CSN.1 vs ASN.1
Although their acronyms are similar, CSN.1 is substantially different from ASN.1.
ASN.1 defines an abstract data structure: in other words, an ASN.1 specification tells you, for example, that we have a structure with some fields in it, or a union, an array and so on.
In ASN.1 we describe our data structure as we do when we are declaring C structs.
When we need to actually send the data over the network, we follow the encoding rules we have chosen.
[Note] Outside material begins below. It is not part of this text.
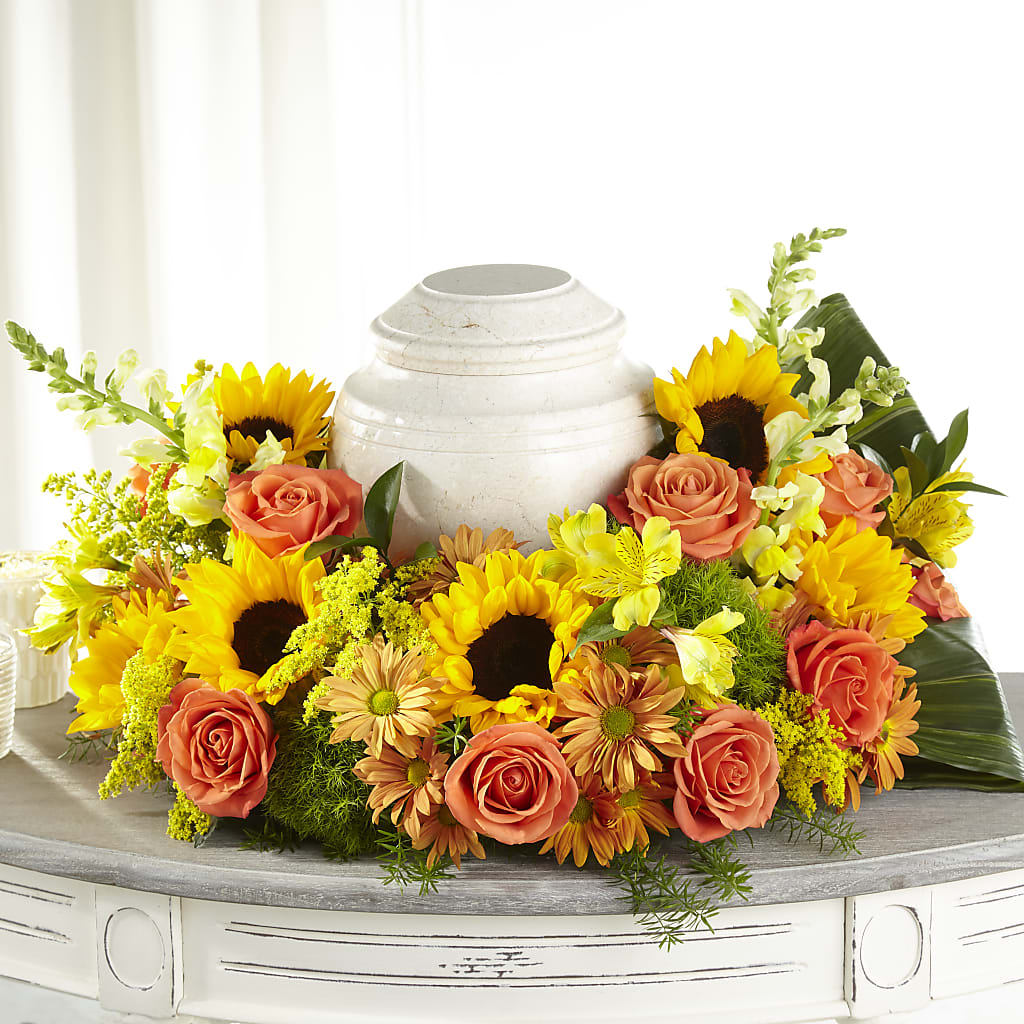 Faithful Sunflower Cremation Adornment – Flowers By Vee, Tracy CA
These encoding rules, like BER o PER, tell us that a structure is always coded in a given way, an integer is always coded in another way and so on.
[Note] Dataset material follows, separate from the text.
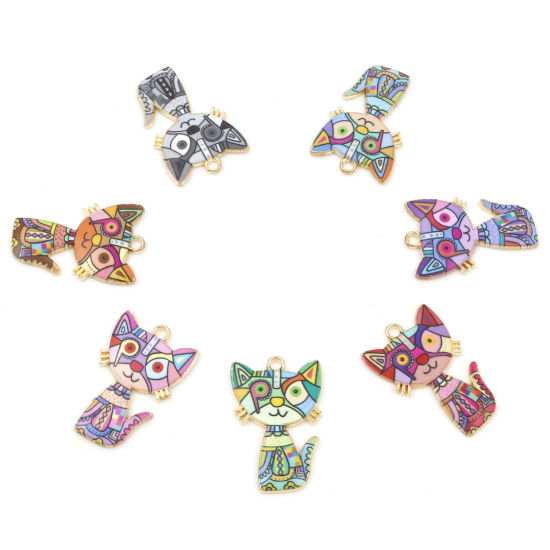 Picture of Zinc Based Alloy Pendants Gold Plated Multicolor Cat Animal Enamel 3cm x 2cm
Therefore any ASN.1 tools can easily generate a C data structure and some C code able to take a BER or PER coded binary stream and decode it into that C structure.
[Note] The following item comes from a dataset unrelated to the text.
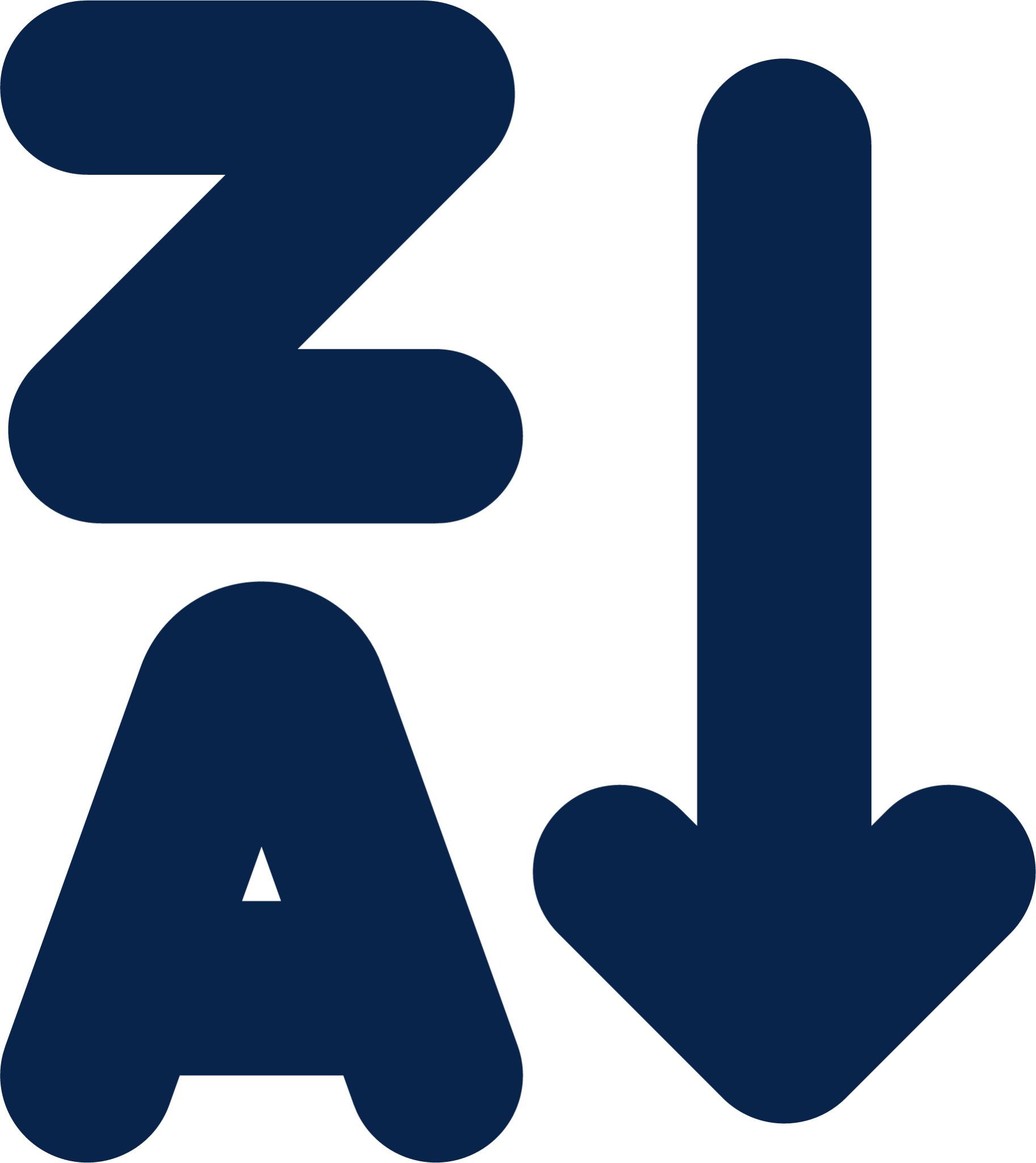 ZA sort descending letters fill editor icon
CSN.1, instead, defines at bit-level the encoded stream. A CSN.1 definition says, for example, that we expect a 1 followed by 8 more bits or a 0 followed by 4 bits and another 0:
< my data > ::= 1 <x: bit(8)> | 0 <y: bit(4)> 0;|
Most of the CSN.1 tools read the CSN.1 specification file and produce a CSN.1 parser; this parser, once compiled, reads the encoded binary stream and when it recognize some valid elements in it invokes a user defined callback function.
In other words, it generates code that will say to you: hey, I found the 1 followed by the 8 bits you were expecting: the 8 bits are 11001001; do whatever you like.
In other words, the data structures need to be deduced from the encoded data by reverse-engineering the CSN.1 code and try to guess the original structures.